Peter Van Brugh Livingston was an American merchant.
Background
Peter Van Brugh Livingston was born on October 1710 at Albany, New York, United States and baptized November 3, 1710. He was a grandson of Robert Livingston, and the son of Philip Livingston, second lord of the manor, and of Catharine (Van Brugh). Most of his boyhood was spent in Albany, where his father served as secretary of Indian affairs during the latter years of Robert Livingston's life.
Education
He was educated at Yale, graduating in the class of 1731.
Career
In 1731 Livingston settled in New York City, and joined the mercantile interests of the little port. His business ventures prospered sufficiently to enable him to build a mansion in the Dutch tradition on Princess Street. During the French wars he accumulated a small fortune from government contracts for supplying various military expeditions. His privateering enterprises were likewise fortunate and profitable. Having formed a business arrangement with his brother-in-law, Alexander, he secured through his partner a commission from Governor Shirley to supply the army which was being equipped for an assault on Fort Niagara in 1755. The profits from this contract were partially dissipated during a protracted suit in chancery between Alexander and Livingston over the precise terms of their agreement.

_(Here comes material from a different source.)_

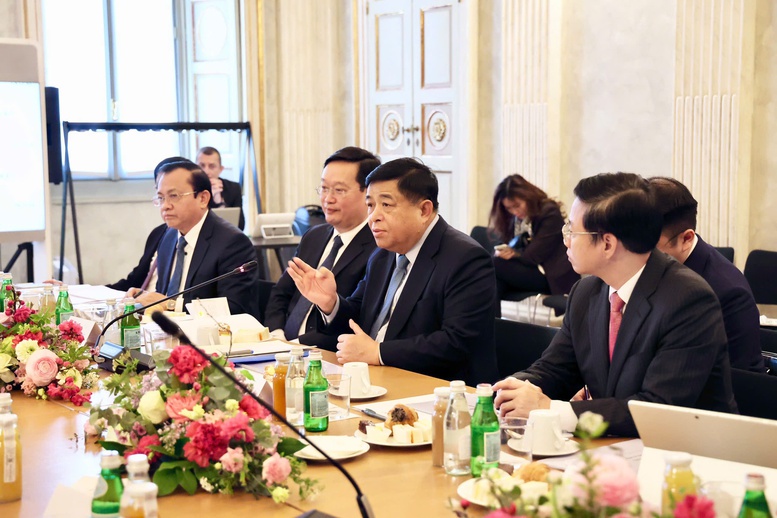 Hoan nghênh Tập đoàn ngân hàng-tài chính lớn nhất Italy đồng hành cùng kinh tế Việt Nam- Ảnh 2.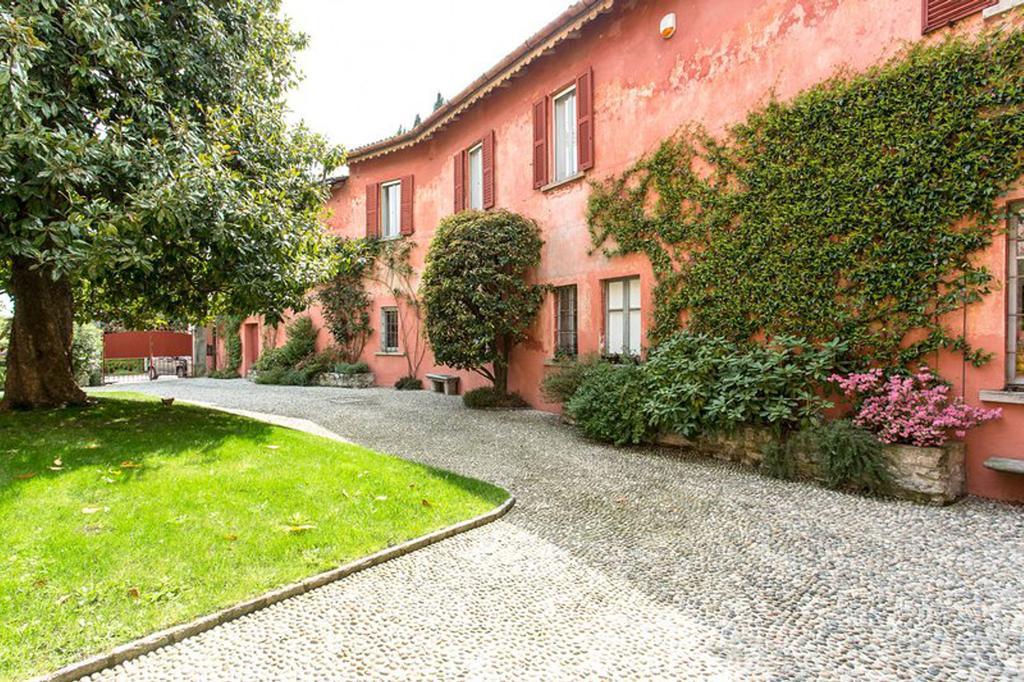 Villa Sassi *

In his extensive mercantile operations Livingston was judged, even by his political foes, to belong to that group known as "fair traders and honest men". He found time during the busiest years of his career to serve from 1748 to 1761 as a trustee of the College of New Jersey, later Princeton. Livingston was a member of the Committee of Sixty organized in November 1774 to enforce the "Association" entered into by the Continental Congress and to assume such governmental powers as seemed necessary in the emergency. In this group the radicals had a clear majority, which they used to create the Committee of One Hundred, an extra-legal body charged with the responsibility for provincial affairs until the opening of the first provincial congress in 1775; Livingston was a member of this committee and was sent to the provincial congress, which promptly named him its presiding officer. He was also Chairman of the Committee of Safety from September 1776 to March 1777. In 1776, he was appointed Treasurer by the Provincial Congress, and remained in office until 1778, after the establishment of the State Government. He died at Elizabethtown, New Jersey.
Achievements
Peter Van Brugh Livingston became successful in the shipping business. He was appointed the 1st New York State Treasurer. He was also known as a principal founder of the College of New Jersey.
Politics
In provincial politics Livingston was generally found on the side of the popular party, which was strongly Presbyterian in its religious preferences. For a time he was an able lieutenant in carrying out the plans of the Whig triumvirate consisting of his brother William, John Morin Scott, and William Smith, Jr. . He heartily indorsed the merchants' memorials in 1763 and 1764 against Grenville's projects to raise a revenue in America and he seems to have been less alarmed than his wealthy colleagues by the high-handed tactics of the mechanics and small shopkeepers in the year of the Stamp Act. At any rate, in 1774 he took his stand with the radical wing of the Whig faction. A member of the Committee of Fifty-One, organized to choose delegates to the First Continental Congress, he protested against the attempt of the conservative merchants to dominate the committee and resigned in company with such radicals as Alexander MacDougall and Isaac Sears in order to give point to his protest.
Personality
John Adams found Livingston "an old man, extremely staunch in the cause, and very sensible, " who was not afraid of the extremists in New England.
Connections
On November 3, 1739, Livingston married Mary Alexander, daughter of James Alexander, a member of the council and surveyor-general of New Jersey, and sister of William, who later married Livingston's sister Sarah. After the death of his first wife, in 1767, he married Elizabeth, widow of William Ricketts.